Despite the Ave Maria Bond Fund's high marks from Lipper, the fund's returns leave more to be desired as evident with the funds ranking against similar funds within the same category and in comparison to the applicable bond index. Moreover, there are currently 1180 similar or competing funds, approximately 33% of which have higher returns both at present and historically. (finance.yahoo.com)

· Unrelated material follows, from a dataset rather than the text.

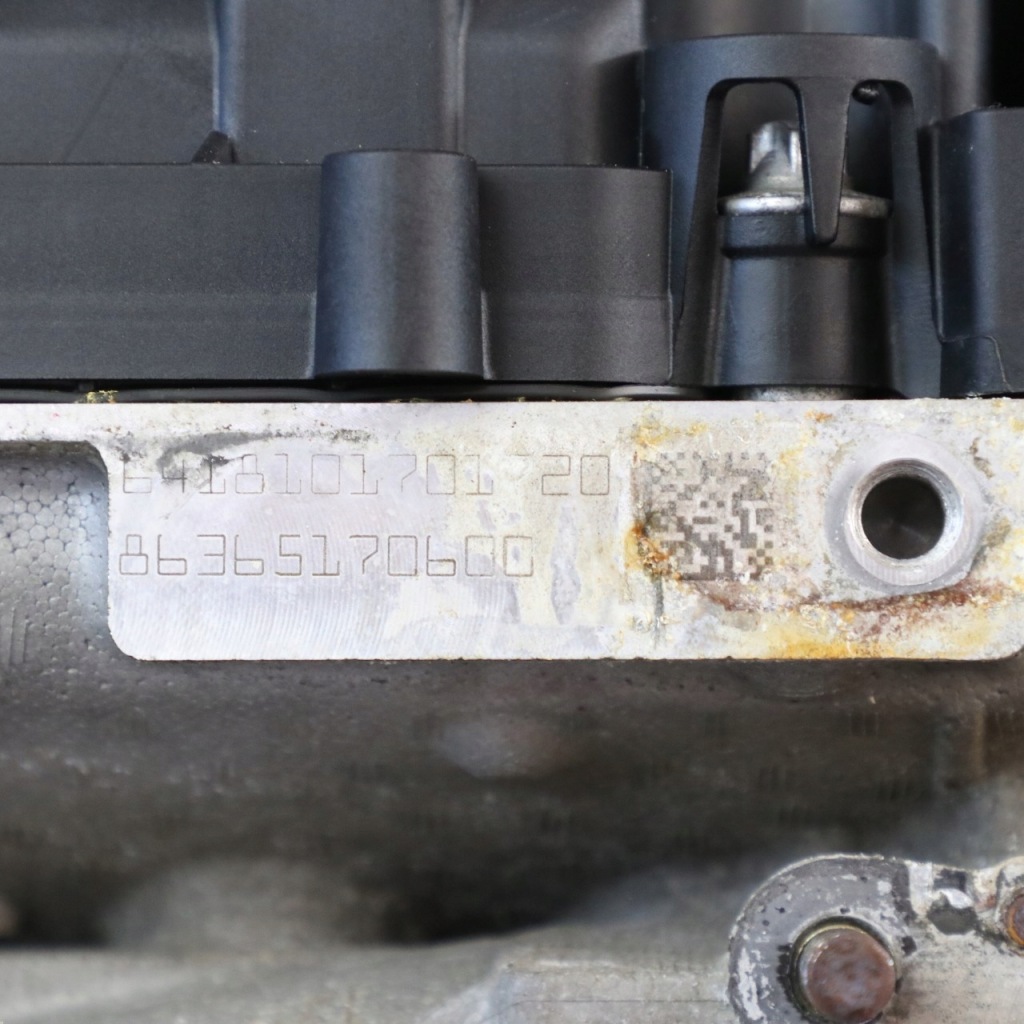 Moteur B48 A20 A — vue 7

However, the 67th percentile ranking given to the fund is also its second highest in its history from a low of 27%. This is also in accordance with the MorningStar 3 star ranking which places the fund between the 32.5th-67.5th percentile of which the Ave Maria Fund scores close to a 4 star rating. Although the fund has consistently provided a positive return, it has also consistently performed below, until recently, the Barclays Capital Intermediate Gov/Credit Index according to the Ave Maria Bond Fund Q1 2009 report. (avemariafund.com)

The Ave Maria Bond Fund AVEFX and AVEHX is an average performing, low risk, minimal expense mutual fund. The fund advocates Catholic values and socially conscience investing and is heavily invested in U.S. Government financial instruments, such as bonds and treasury inflation protected securities.

Other positions the portfolio takes are corporate bonds, and corporate equity. There are some differences between the two classes of Ave Maria Bond Funds including a .29% difference in 5 year return, a $9,000.00 difference in minimum initial investment and a few hundred million dollars in capitalization.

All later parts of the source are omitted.